Sollicitée par Médias24, la directrice générale de l’Office national des hydrocarbures marocains (ONHYM) estime que ce projet constitue une véritable plateforme d’intégration énergétique régionale. En somme, il ne se limite pas à une logique d’exportation.
De plus, en reliant les marchés africains et européens, Amina Benkhadra explique que le gazoduc Afrique Atlantique permettra de créer un corridor énergétique inédit à l’échelle du bassin atlantique.
Une colonne vertébrale économique pour l’Afrique de l’Ouest
Selon notre interlocutrice, il a été pensé comme une infrastructure multi-usages. Il vise, à la fois, à valoriser les importantes réserves de gaz du Nigeria et à alimenter les économies ouest-africaines en énergie fiable.
"Le gazoduc répond simultanément à plusieurs objectifs : sécuriser l’offre, stimuler la demande régionale et créer un pont énergétique vers les marchés internationaux", explique Amina Benkhadra. Elle ajoute que ce projet, qui devrait desservir 400 millions de personnes, favorisera l’émergence d’un véritable marché régional du gaz, réduisant la dépendance aux importations et renforçant l’intégration économique du continent africain.
Une mise en œuvre progressive pour sécuriser l’investissement
Depuis son lancement en 2016 dans le cadre d’une vision portée par le Roi Mohammed VI et l’ancien président nigérian Muhammadu Buhari, aujourd’hui poursuivie par Bola Ahmed Tinubu, des avancées majeures ont été réalisées. Des études de faisabilité ont été achevées, un tracé défini, des accords signés avec les pays concernés, ainsi qu’un accord intergouvernemental adopté par la Communauté économique des États d'Afrique de l'Ouest (CÉDÉAO) fin 2024.
Amina Benkhadra rappelle également qu’un de ses atouts majeurs réside dans sa stratégie de développement par phases.

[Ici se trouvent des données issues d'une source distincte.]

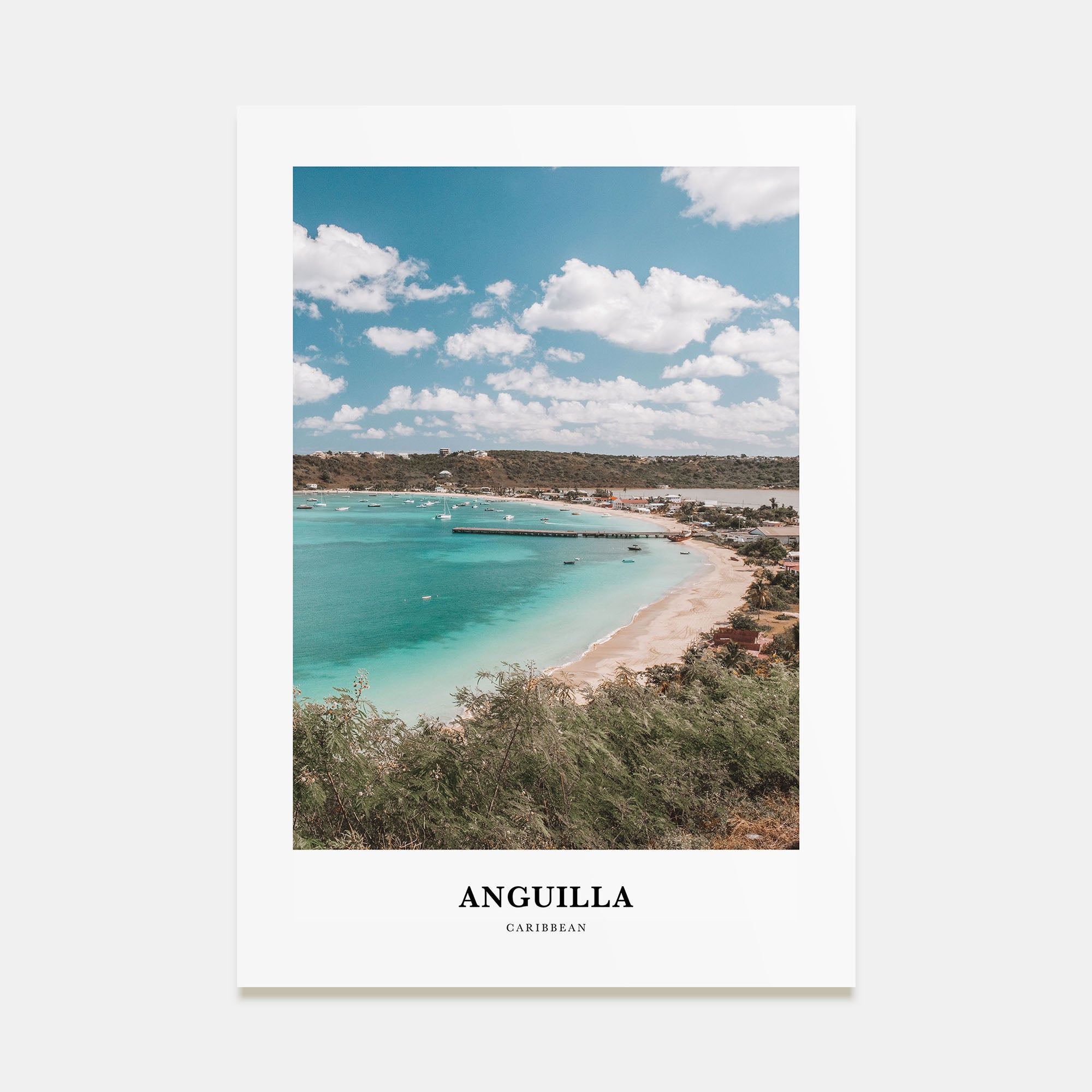 Anguilla Portrait Color Poster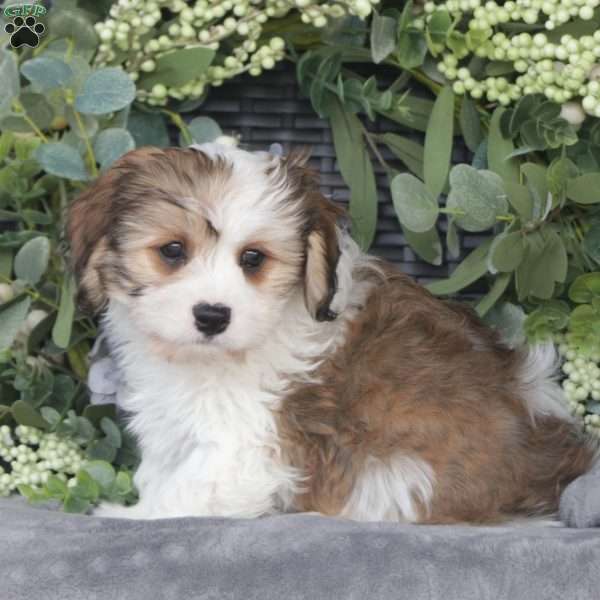 Asher, Cavachon Puppy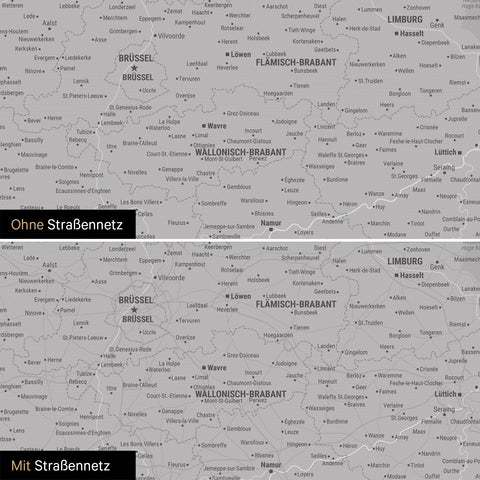 Mappa del Benelux per puntine TRAVEL® – Grigio freddo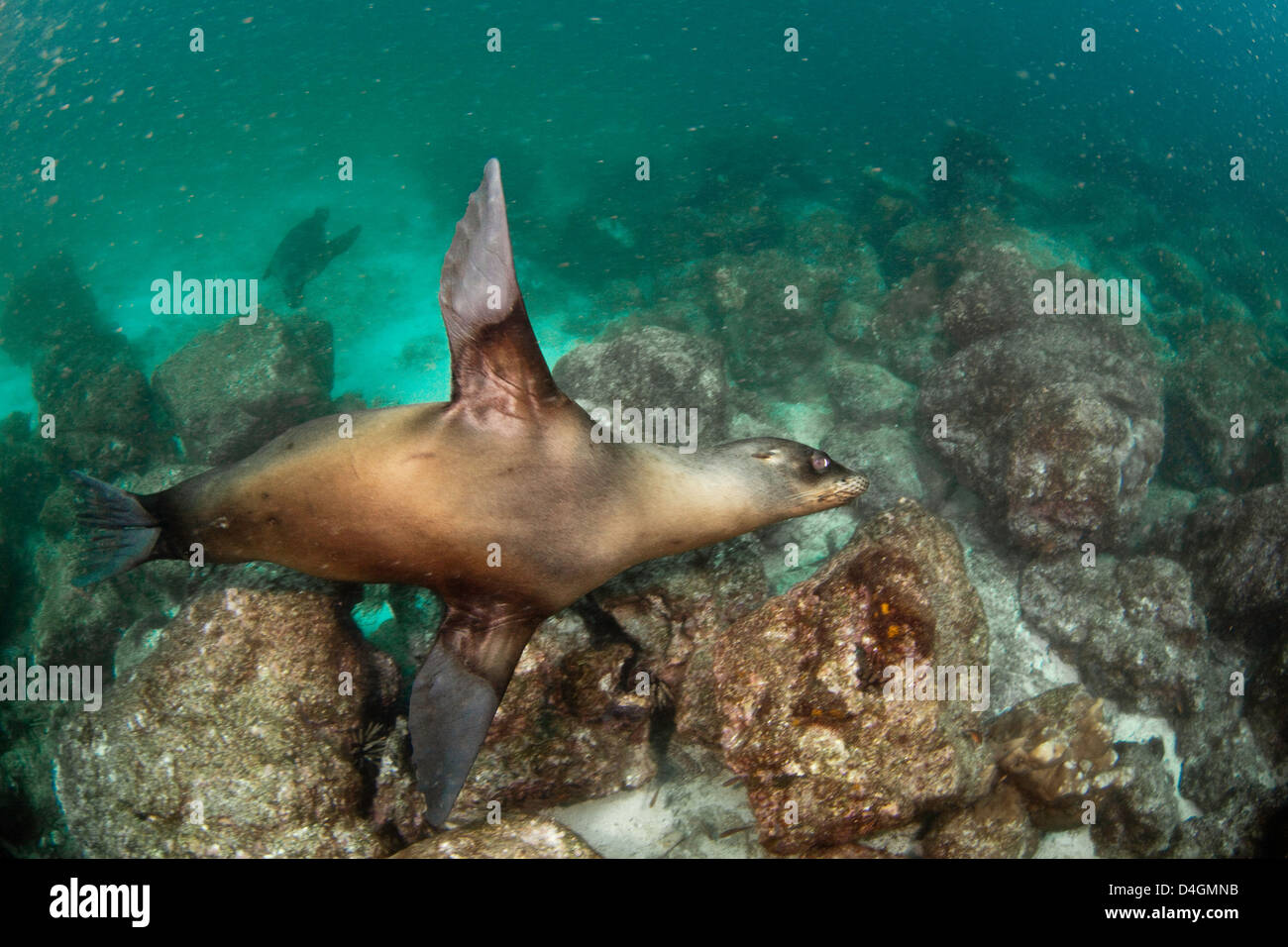 Un Galapagos Sea Lion, Zalophus californianus wollebacki, subacquea off Isola di Santa Cruz, Arcipelago delle Galapagos, Ecuador. Foto Stock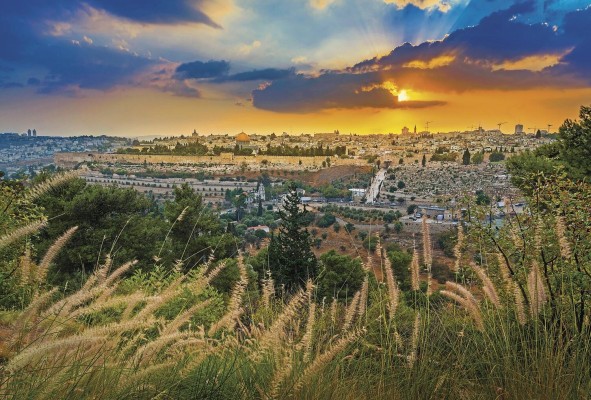 La 'petrificación de Jerusalén' se da a partir del plan maestro de 1955, el cual organizaba la parte israelí de la ciudad en anillos en los cuales el uso de la roca era requerido en diferente grado La 'petrificación de Jerusalén' se da a partir del plan maestro de 1955, el cual organizaba la parte israelí de la ciudad en anillos en los cuales el uso de la roca era requerido en diferente grado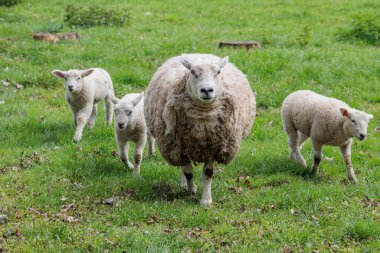 Alman Muensterland 'inde bahar geldi.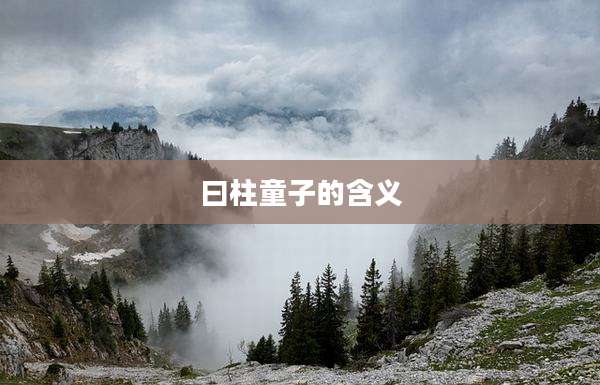 曰柱童子的含义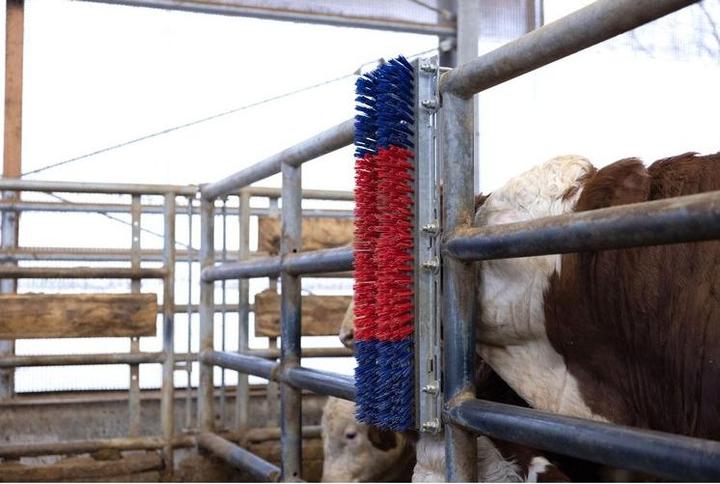 Actual product image Kerbl Scratch (90 cm)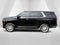 2023 Cadillac Escalade 4WD Premium Luxury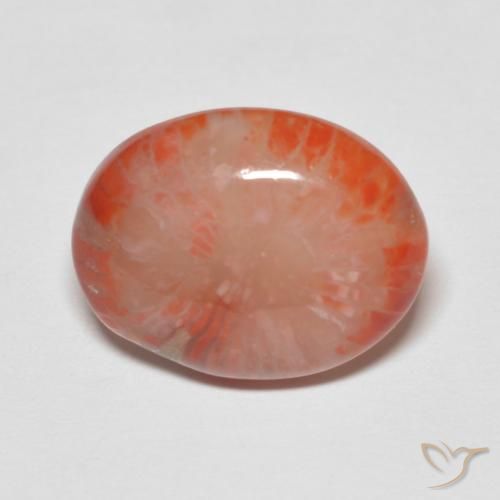 4.60ct Natural Multicolorido Coral, oval, Translúcido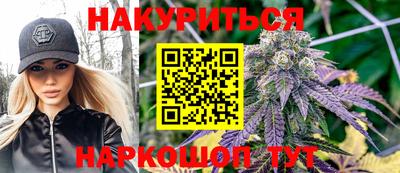 прущие грибы Можга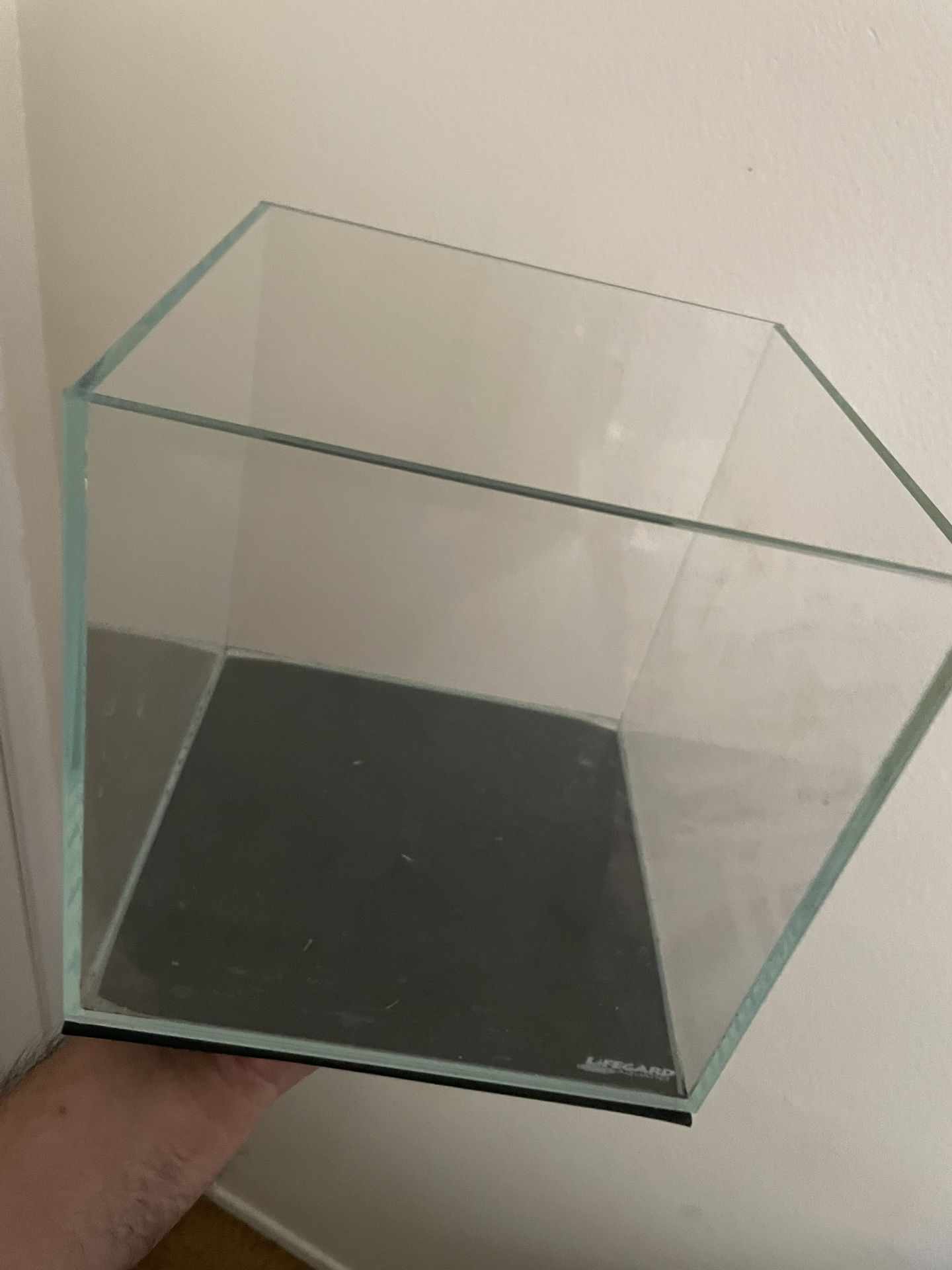 3 Gallon Fish Tank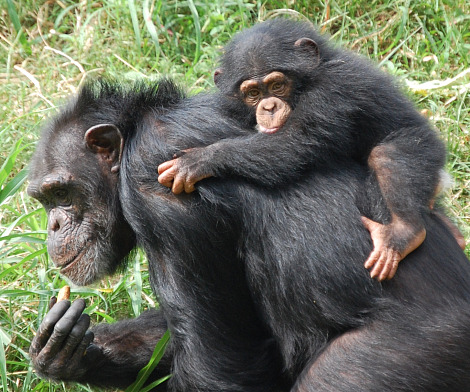 chimp mom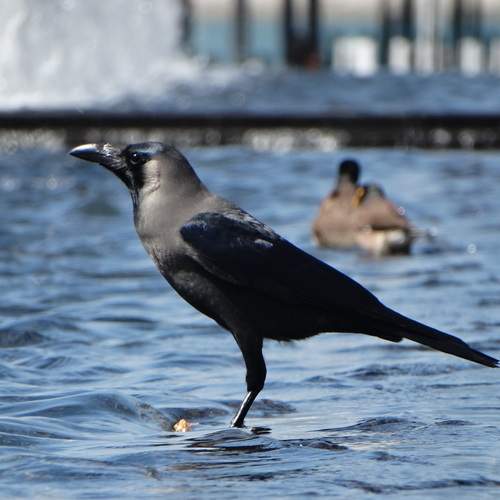 Photo #13706559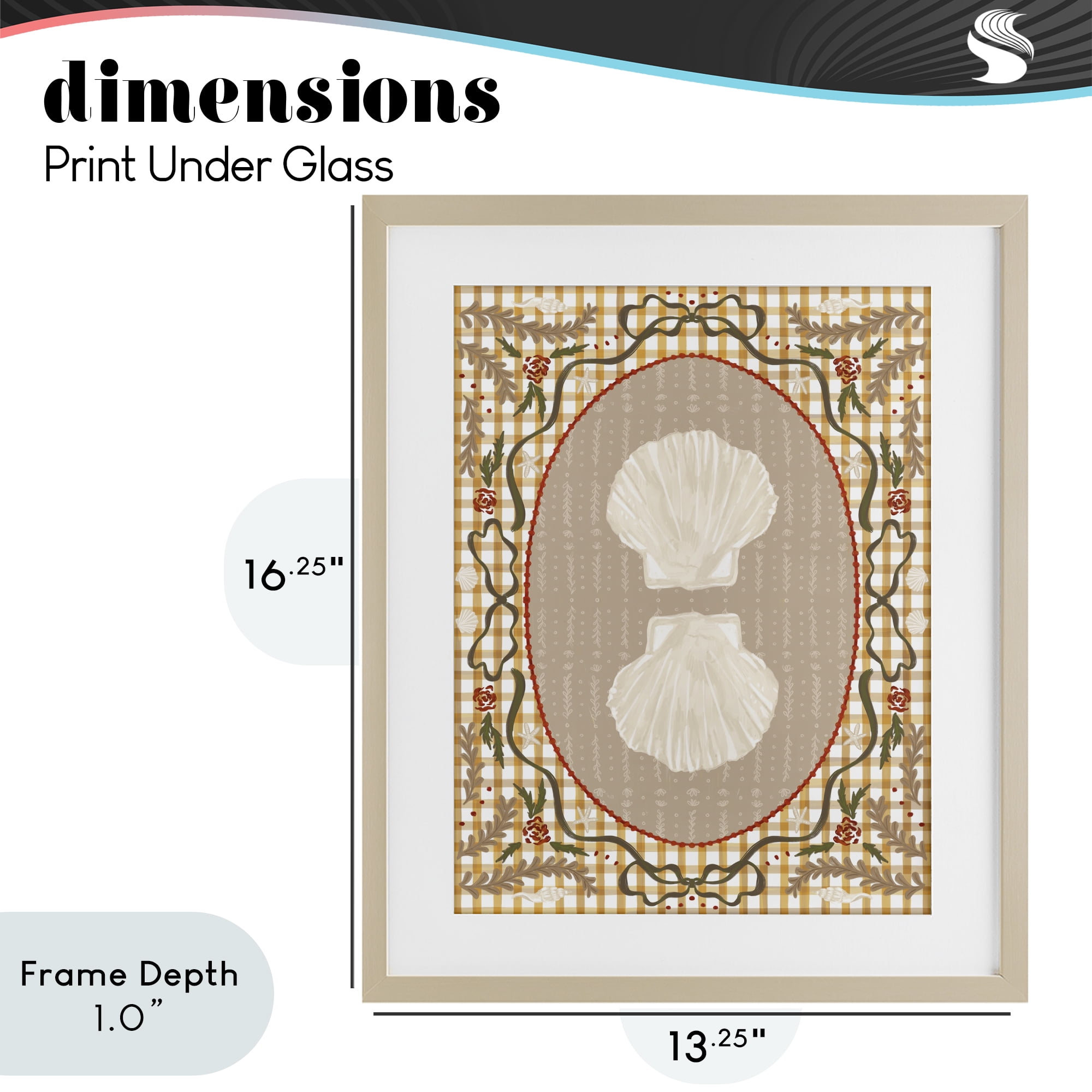 Stupell Industries Vintage Shells on Gingham Birch Framed Print Under Glass, design by Vero Illustrates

De premières connexions concerneront le Ghana et la Côte d’Ivoire au sud, ainsi que le Maroc, le Sénégal et la Mauritanie au nord.
"Une approche progressive qui permettra de générer une demande régionale dès les premières étapes et de limiter les risques financiers", explique la directrice générale. Elle ajoute que ce modèle devrait renforcer la bankabilité du projet et sa résilience face aux évolutions du marché.
Un levier d’industrialisation pour le continent
Au-delà de l’approvisionnement énergétique, notre interlocutrice souligne que le gazoduc devrait jouer un rôle déterminant dans le développement industriel de l’Afrique de l’Ouest. Elle cite la nécessité d’accéder à un gaz fiable pour soutenir la production d’électricité, les industries lourdes et minières.
"Le projet constitue une véritable colonne vertébrale pour l’industrialisation régionale", affirme Amina Benkhadra. Pour elle, la création de zones industrielles et de marchés énergétiques intégrés pourrait, grâce à l’AAGP, accélérer la transformation économique de toute la région.
Une opportunité stratégique pour l’Europe
En outre, l’Europe voit dans ce corridor une alternative crédible. Il offre une nouvelle route d’approvisionnement stable et compétitive entre les deux continents, dans un contexte de crise énergétique poussant les marchés consommateurs à diversifier leurs sources d’approvisionnement.
"L’accès à des marchés extérieurs renforce considérablement la viabilité économique du projet", souligne Amina Benkhadra. Pour elle, la double dimension régionale et internationale constitue l’un des principaux atouts du projet.
Le Maroc, futur hub énergétique régional
À l’extrémité nord du corridor se situe le Maroc. De ce fait, le développement de ses infrastructures gazières et ses interconnexions avec l’Europe lui permettront de devenir un hub énergétique stratégique.
Du fait de sa position, le Maroc jouera un rôle de passerelle entre les ressources africaines et les marchés mondiaux, renforçant son rôle dans les échanges énergétiques entre l’Afrique et l’Europe.
Amina Benkhadra conclut que, dans le contexte actuel marqué par la flambée des prix gaziers, ce projet devrait redéfinir la géographie énergétique du continent et ouvrir un nouveau corridor stratégique entre l’Afrique et le reste du monde.